START Given data

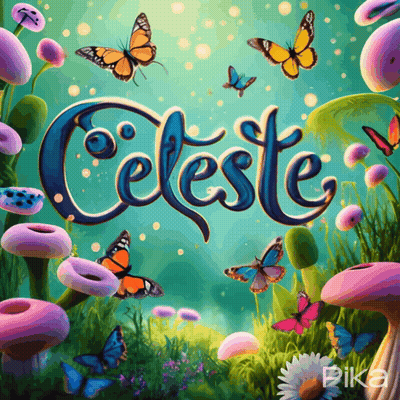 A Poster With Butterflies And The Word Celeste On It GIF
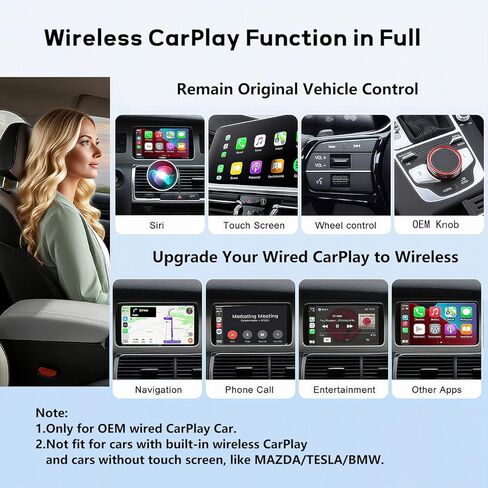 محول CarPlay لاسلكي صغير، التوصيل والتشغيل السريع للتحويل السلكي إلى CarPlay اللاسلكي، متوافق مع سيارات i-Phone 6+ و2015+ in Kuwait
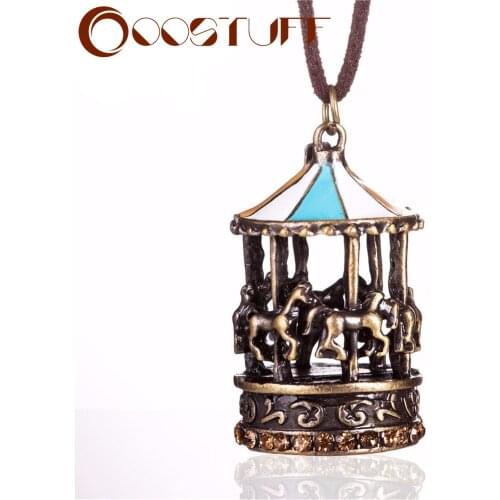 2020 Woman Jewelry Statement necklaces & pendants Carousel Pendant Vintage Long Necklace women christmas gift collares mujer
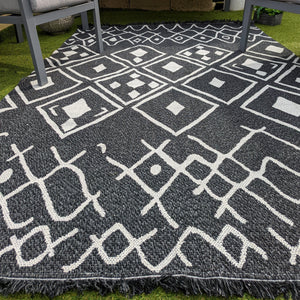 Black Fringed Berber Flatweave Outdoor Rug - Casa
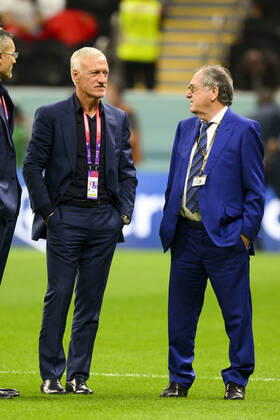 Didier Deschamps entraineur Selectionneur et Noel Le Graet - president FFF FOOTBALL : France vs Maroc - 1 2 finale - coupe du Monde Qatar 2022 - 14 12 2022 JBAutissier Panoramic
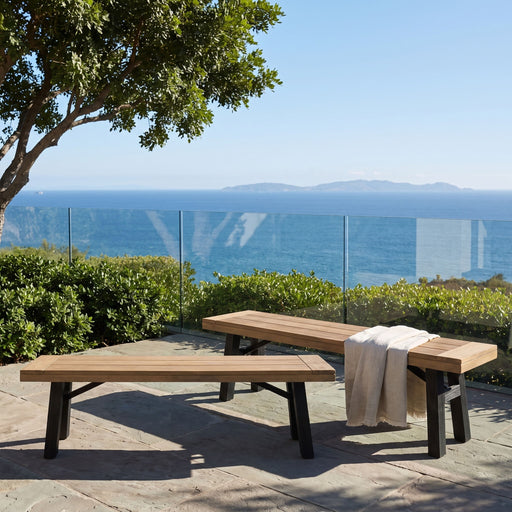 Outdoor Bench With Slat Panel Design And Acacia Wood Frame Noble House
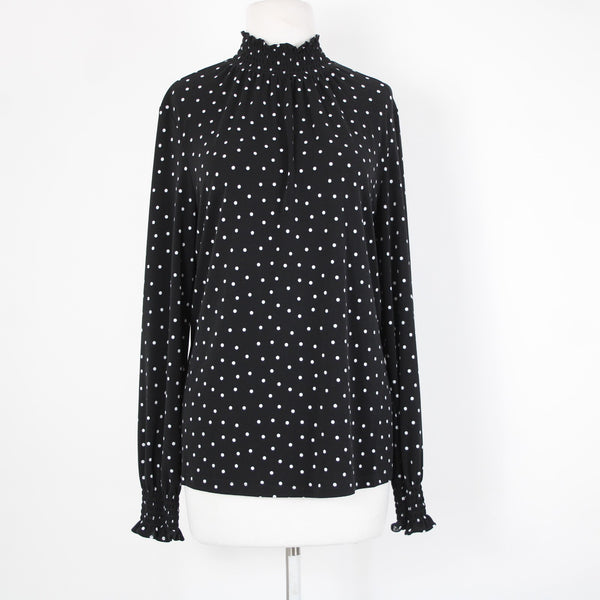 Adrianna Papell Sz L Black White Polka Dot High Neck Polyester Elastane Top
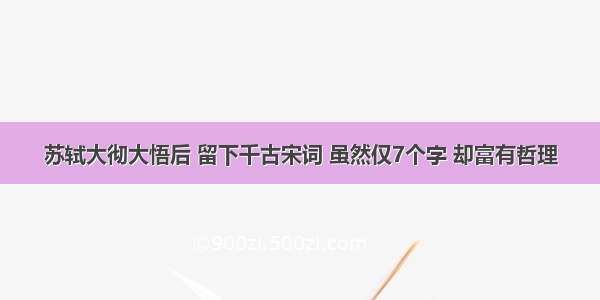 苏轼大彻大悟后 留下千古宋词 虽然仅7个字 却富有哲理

END Given data
START Given data

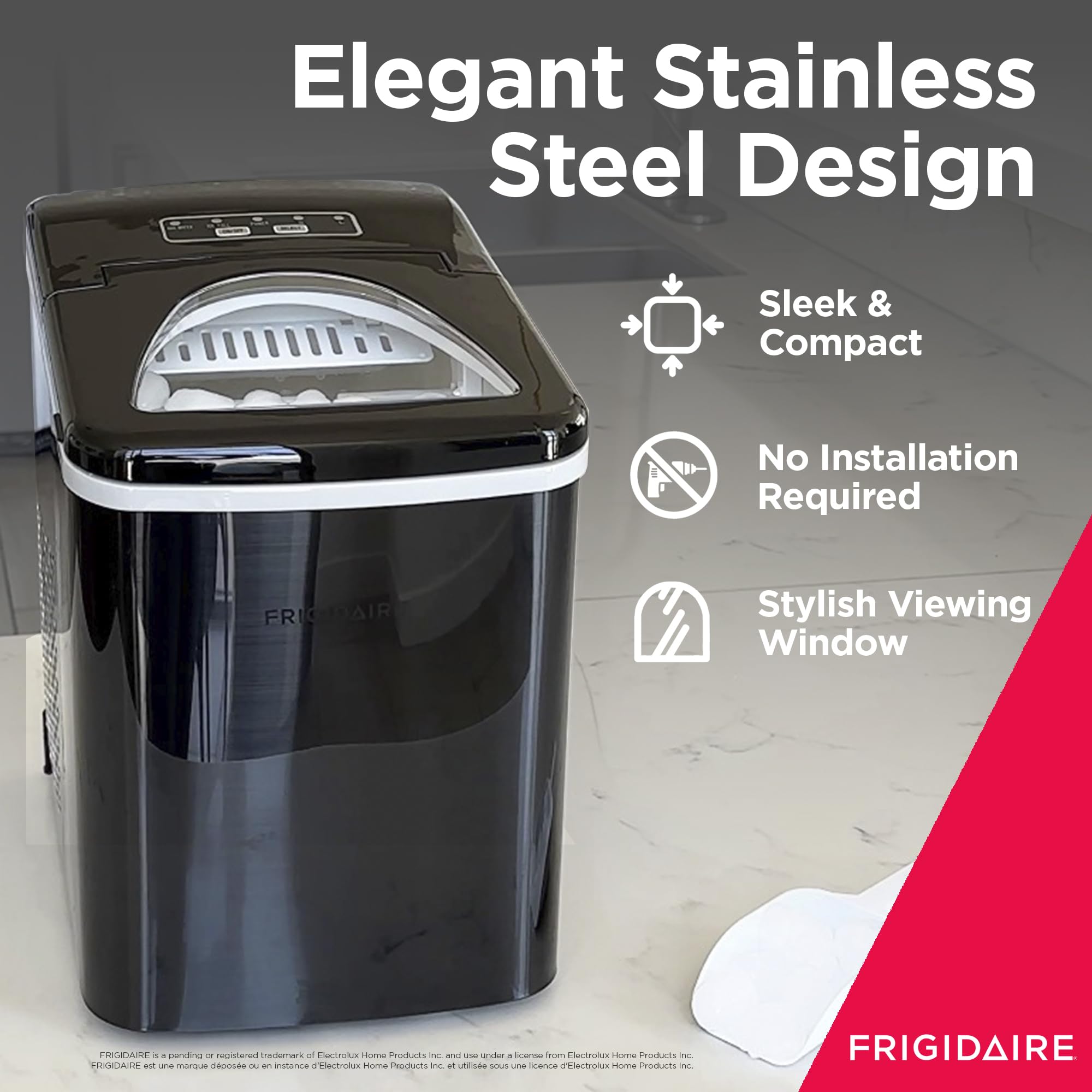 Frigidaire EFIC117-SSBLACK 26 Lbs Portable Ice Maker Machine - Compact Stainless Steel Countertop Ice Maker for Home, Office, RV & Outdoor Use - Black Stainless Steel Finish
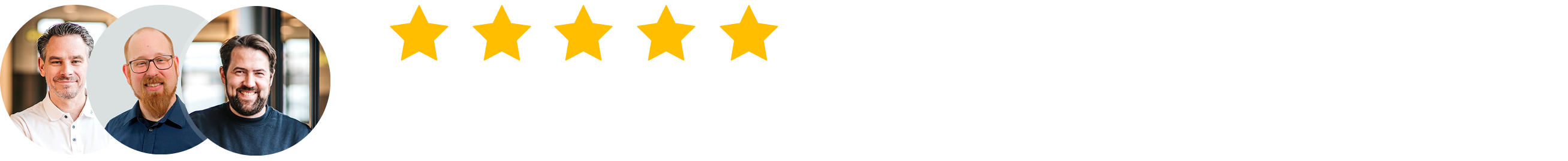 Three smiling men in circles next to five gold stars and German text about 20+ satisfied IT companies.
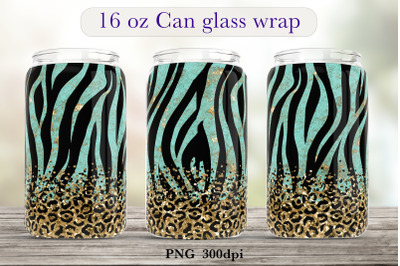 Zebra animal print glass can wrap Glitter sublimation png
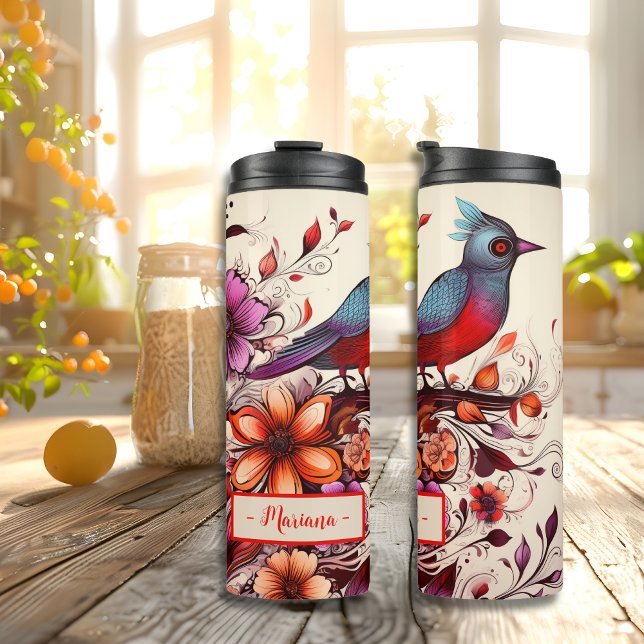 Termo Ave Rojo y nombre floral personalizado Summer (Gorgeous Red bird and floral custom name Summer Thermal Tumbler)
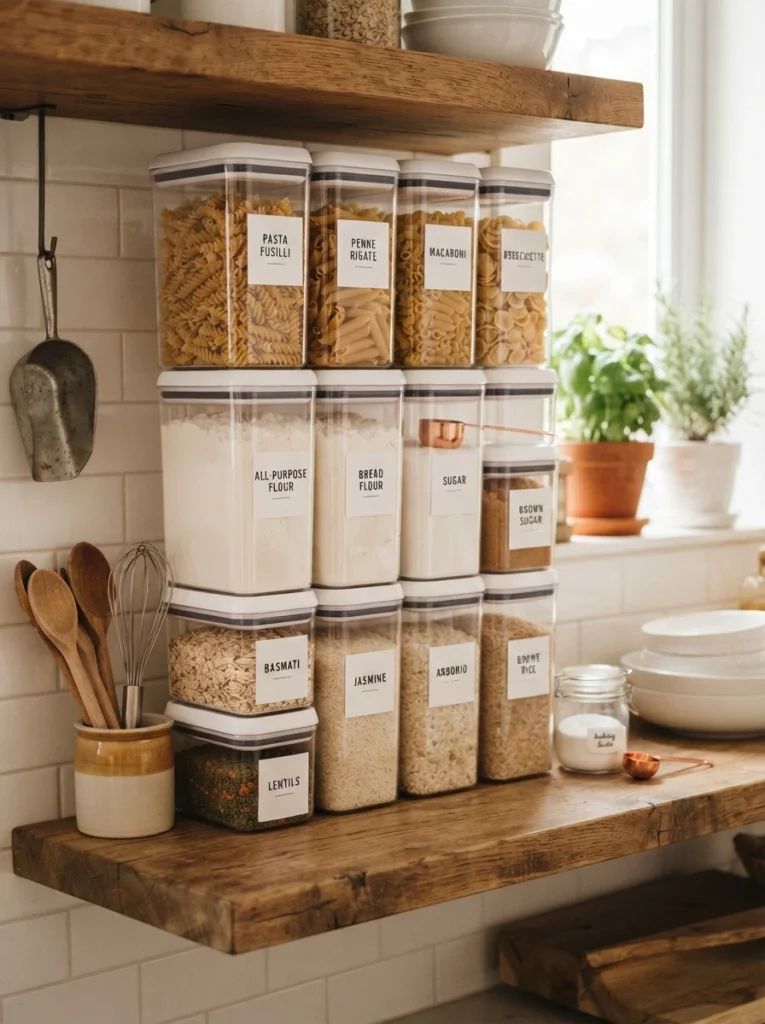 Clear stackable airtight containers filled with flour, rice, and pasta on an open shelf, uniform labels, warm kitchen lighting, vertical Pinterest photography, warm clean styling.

END Given data

Task prompt - Using the listing above, reproduce word for word every line from the one containing "محول CarPlay لاسلكي" through the one containing "苏轼大彻大悟后 留下千古宋词 虽然仅7个字 却富有哲理". Pictures must be left out.

Response to this task -
 محول CarPlay لاسلكي صغير، التوصيل والتشغيل السريع للتحويل السلكي إلى CarPlay اللاسلكي، متوافق مع سيارات i-Phone 6+ و2015+ in Kuwait
 2020 Woman Jewelry Statement necklaces & pendants Carousel Pendant Vintage Long Necklace women christmas gift collares mujer
 Black Fringed Berber Flatweave Outdoor Rug - Casa
 Didier Deschamps entraineur Selectionneur et Noel Le Graet - president FFF FOOTBALL : France vs Maroc - 1 2 finale - coupe du Monde Qatar 2022 - 14 12 2022 JBAutissier Panoramic
 Outdoor Bench With Slat Panel Design And Acacia Wood Frame Noble House
 Adrianna Papell Sz L Black White Polka Dot High Neck Polyester Elastane Top
 苏轼大彻大悟后 留下千古宋词 虽然仅7个字 却富有哲理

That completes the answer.